AbstractsBiology & Animal Science

Evolutionary analysis of viral sequences in eukaryotic genomes

by Sean Eric Schneider




Institution: University of Washington
Department:
Degree: PhD
Year: 2015
Keywords: ; Genetics
Record ID: 2059149
Full text PDF: http://hdl.handle.net/1773/27492


Abstract

The focus of this work is several evolutionary analyses of endogenous viral sequences in eukaryotic genomes. Endogenous viral sequences can provide key insights into the past forms and evolutionary history of viruses, as well as the responses of host organisms they infect. In this work I have examined viral sequences in a diverse assortment of eukaryotic hosts in order to study coevolution between hosts and the organisms that infect them. This research consisted of two major lines of investigation. In the first portion of this work, I outline the hypothesis that the C2H2 zinc finger gene family in vertebrates has evolved by birth-death evolution in response to sporadic retroviral infection. The hypothesis suggests an evolutionary model in which newly duplicated zinc finger genes are retained by selection in response to retroviral infection. This hypothesis is supported by a strong association (R2=0.67) between the number of endogenous retroviruses and the number of zinc fingers in diverse vertebrate genomes. Based on this and other evidence, the zinc finger gene family appears to act as a "genomic immune system" against retroviral infections. The other major line of investigation in this work examines endogenous virus sequences utilized by parasitic wasps to disable hosts that they infect. These wasps package their own DNA into viral particles and inject them into the host.
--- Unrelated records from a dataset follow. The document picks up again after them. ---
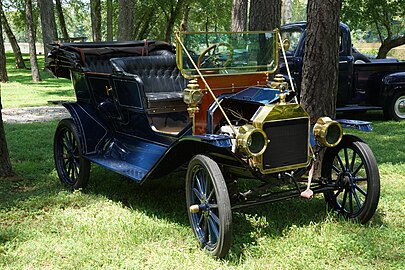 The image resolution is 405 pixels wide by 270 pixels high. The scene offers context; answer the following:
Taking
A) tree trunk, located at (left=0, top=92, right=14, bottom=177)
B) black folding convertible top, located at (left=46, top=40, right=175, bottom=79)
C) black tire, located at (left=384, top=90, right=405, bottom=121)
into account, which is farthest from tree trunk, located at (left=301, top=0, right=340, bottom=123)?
black tire, located at (left=384, top=90, right=405, bottom=121)

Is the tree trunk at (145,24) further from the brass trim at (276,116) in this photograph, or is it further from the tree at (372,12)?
the brass trim at (276,116)

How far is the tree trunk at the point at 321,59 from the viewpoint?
5.24 metres

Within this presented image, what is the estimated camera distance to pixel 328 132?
4156 mm

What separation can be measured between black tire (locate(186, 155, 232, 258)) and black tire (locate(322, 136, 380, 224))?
123 centimetres

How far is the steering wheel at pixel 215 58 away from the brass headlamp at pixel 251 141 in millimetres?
1153

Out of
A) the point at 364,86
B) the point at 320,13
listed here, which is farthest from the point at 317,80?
the point at 364,86

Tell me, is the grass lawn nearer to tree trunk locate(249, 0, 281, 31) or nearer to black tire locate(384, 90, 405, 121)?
tree trunk locate(249, 0, 281, 31)

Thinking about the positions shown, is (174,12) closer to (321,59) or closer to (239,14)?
(239,14)

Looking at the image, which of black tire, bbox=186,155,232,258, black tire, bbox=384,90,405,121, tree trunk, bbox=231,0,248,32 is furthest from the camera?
tree trunk, bbox=231,0,248,32

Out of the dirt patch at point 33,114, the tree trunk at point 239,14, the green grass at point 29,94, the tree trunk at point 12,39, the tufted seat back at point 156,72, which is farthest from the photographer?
the tree trunk at point 12,39

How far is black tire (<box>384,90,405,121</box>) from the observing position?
10047 mm

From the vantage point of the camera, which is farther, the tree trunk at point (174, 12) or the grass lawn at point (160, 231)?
the tree trunk at point (174, 12)

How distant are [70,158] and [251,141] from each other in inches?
110

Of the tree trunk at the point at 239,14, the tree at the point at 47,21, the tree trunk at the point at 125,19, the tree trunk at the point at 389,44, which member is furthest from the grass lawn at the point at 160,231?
the tree trunk at the point at 389,44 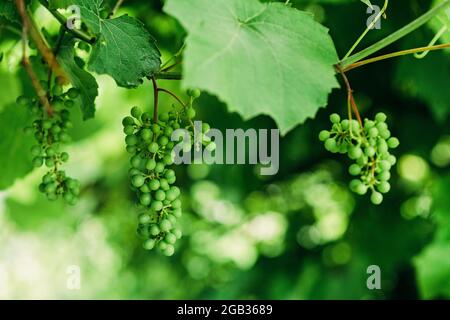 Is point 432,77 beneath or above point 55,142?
above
I found that the DNA packaged into these viral particles can be permanently transferred to the hosts that these wasps infect. I have identified 105 transferred regions in two host species: Monarch butterfly (Danaus Plexippus) and Silkworm (Bombyx mori). The last common ancestor between these species and wasps lived around 300 million years ago. Many of these regions are highly similar to one another and the sequences form 12 groups when clustered by 90% nucleotide identity. These similarities may arise from repeated integration of the same sequence or duplication after integration into the host.